EXERCISE AIM: Pull every line of the entries that has the word "Elegant".

• • • • • • •

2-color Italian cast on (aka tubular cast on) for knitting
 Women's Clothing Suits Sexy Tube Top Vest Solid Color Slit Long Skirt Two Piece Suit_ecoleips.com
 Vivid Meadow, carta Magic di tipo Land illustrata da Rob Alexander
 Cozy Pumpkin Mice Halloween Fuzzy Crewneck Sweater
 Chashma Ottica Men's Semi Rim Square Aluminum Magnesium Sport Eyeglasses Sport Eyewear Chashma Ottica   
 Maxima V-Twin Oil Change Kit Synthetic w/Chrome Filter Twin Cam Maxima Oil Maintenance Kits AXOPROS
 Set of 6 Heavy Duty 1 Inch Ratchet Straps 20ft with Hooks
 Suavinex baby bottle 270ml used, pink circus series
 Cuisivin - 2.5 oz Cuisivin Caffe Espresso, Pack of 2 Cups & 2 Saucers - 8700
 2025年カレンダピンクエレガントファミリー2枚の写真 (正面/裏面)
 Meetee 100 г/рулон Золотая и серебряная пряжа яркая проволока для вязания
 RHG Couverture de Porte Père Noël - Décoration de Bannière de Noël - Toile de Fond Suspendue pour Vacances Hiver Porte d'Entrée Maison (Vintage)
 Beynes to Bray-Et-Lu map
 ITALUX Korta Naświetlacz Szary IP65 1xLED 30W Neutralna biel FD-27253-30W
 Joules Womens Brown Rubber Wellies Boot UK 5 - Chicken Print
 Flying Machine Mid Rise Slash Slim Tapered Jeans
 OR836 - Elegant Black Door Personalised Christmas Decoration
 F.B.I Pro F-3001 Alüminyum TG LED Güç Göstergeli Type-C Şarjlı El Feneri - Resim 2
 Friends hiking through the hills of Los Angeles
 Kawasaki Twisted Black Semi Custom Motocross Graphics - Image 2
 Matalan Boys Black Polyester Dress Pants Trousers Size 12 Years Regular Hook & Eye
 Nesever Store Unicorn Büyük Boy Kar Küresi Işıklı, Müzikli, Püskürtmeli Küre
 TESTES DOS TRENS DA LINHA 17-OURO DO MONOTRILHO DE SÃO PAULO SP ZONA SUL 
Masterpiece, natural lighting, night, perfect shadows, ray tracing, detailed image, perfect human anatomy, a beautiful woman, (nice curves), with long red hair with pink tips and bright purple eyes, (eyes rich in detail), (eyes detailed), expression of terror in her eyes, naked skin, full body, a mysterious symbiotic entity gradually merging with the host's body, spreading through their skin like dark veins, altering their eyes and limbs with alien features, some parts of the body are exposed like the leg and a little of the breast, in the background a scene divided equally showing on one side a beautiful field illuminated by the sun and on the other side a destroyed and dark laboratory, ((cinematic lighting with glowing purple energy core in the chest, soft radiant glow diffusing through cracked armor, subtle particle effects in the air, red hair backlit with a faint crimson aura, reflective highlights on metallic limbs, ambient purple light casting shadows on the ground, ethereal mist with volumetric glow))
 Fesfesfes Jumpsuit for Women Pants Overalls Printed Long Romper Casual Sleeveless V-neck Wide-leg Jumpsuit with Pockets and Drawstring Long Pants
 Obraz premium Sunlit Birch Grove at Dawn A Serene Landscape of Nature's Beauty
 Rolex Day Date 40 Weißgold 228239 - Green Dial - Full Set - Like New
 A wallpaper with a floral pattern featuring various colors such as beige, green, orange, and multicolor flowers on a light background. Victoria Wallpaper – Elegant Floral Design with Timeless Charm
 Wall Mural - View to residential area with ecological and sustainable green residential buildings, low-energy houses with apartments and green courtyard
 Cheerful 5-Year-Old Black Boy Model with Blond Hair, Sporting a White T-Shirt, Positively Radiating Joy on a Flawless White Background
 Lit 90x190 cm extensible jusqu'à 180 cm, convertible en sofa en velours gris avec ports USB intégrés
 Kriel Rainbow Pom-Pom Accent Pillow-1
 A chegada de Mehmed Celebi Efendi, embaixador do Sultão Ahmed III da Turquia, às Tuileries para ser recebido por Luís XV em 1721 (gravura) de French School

• • • • • • •

RESPONSE:
 OR836 - Elegant Black Door Personalised Christmas Decoration
 A wallpaper with a floral pattern featuring various colors such as beige, green, orange, and multicolor flowers on a light background. Victoria Wallpaper – Elegant Floral Design with Timeless Charm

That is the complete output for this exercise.